[whatwg] Specs for window.atob() and window.btoa()

Boris Zbarsky bzbarsky at MIT.EDU
Fri Jan 7 09:38:56 PST 2011

On 1/7/11 12:27 PM, Aryeh Gregor wrote:
>> 1)  If the input string contains any 16-bit units whose value is greater
>> than 0xff, throw INVALID_CHARACTER_ERR.
> This seems redundant with step 4 below.

It's not, because after this step the input JS string is converted into 
a byte buffer by dropping the high byte of each 2-byte code unit.  All 
the following steps operate on bytes.

>> 2)  If the input string's length is greater than 0xFFFFFFFF / 3, throw a
>> generic failure code (because otherwise a 32-bit computation of the output
>> string length will overflow; this could probably be changed to use 64-bit
>> arithmetic).
> This doesn't sound like it should be in the spec.  It can fall under
> the hardware limitations clause if it actually comes up.  I don't like
> the hardware limitations clause, but this case seems so unlikely to
> come up on the web that it's not caring.  Passing around>1 GB strings
> in JavaScript is going to cause a lot of pain no matter what.  (But if
> I ran into this case somehow as a web developer, I'd definitely feel
> justified in considering it a bug in Firefox.)
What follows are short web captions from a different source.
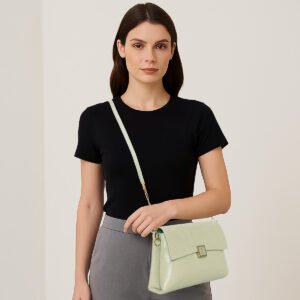 ESBEDA Pista Color Serein Classy Sling Bag For Women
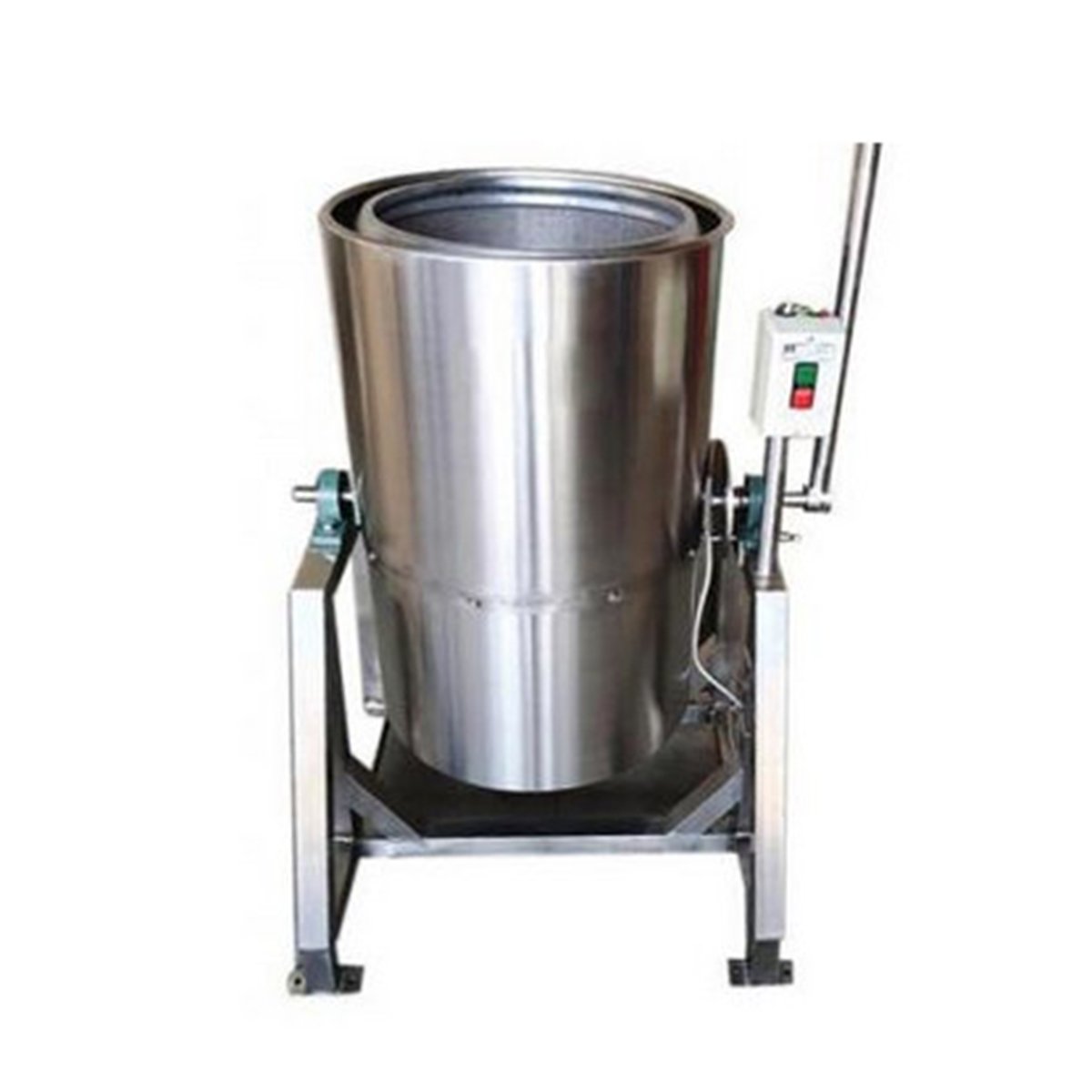 oil_drying_machine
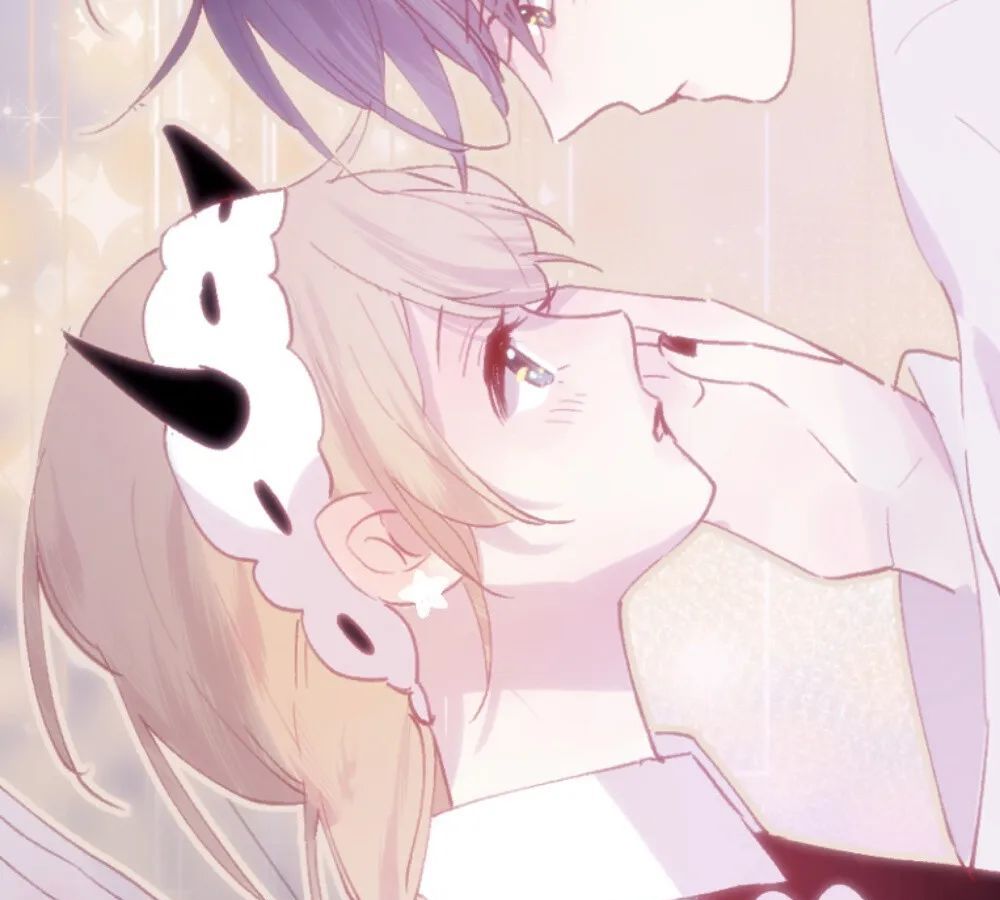 情侣头像:时光不改旧人心,岁月不减故人情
You wouldn't run into this case as a web developer at the moment, in any 
case, because JS strings in Spidermonkey have 28-bit lengths.  So 
attempts to allocate a JS string long enough to trigger the above check 
would fail with an out of memory exception.

>> 3)  If the length of the source string is 0 mod 4 and the string ends in
>> either "=" or "==" then chop off the trailing equals signs from the string.
>>   If after this step the length is 1 mod 4, throw INVALID_CHARACTER_ERR.
>> 4)  If the string contains any characters other than those in [A-Za-z0-9+/]
>> Step 2 is certainly missing from your spec (and as I said, may not be
>> desirable); I haven't verified whether your regexp ends up enforcing exactly
>> 3+4 above.
> It looks the same to me, although I haven't looked *that* carefully.
> Behavior matches in all the tests I could think up.

In that case, I would prefer that the character and length constraints 
just be explicitly specified.  Specifying them via an unreadable regexp 
is hostile not just to implementors but to the users of the spec too.

If the regexp happened to use the equivalent of perl's /x and comments, 
I would be more OK with it, but then you might as well just write out 
the comments and leave off the regexp, unless you expect someone to 
actually try to use it to validate input to atob.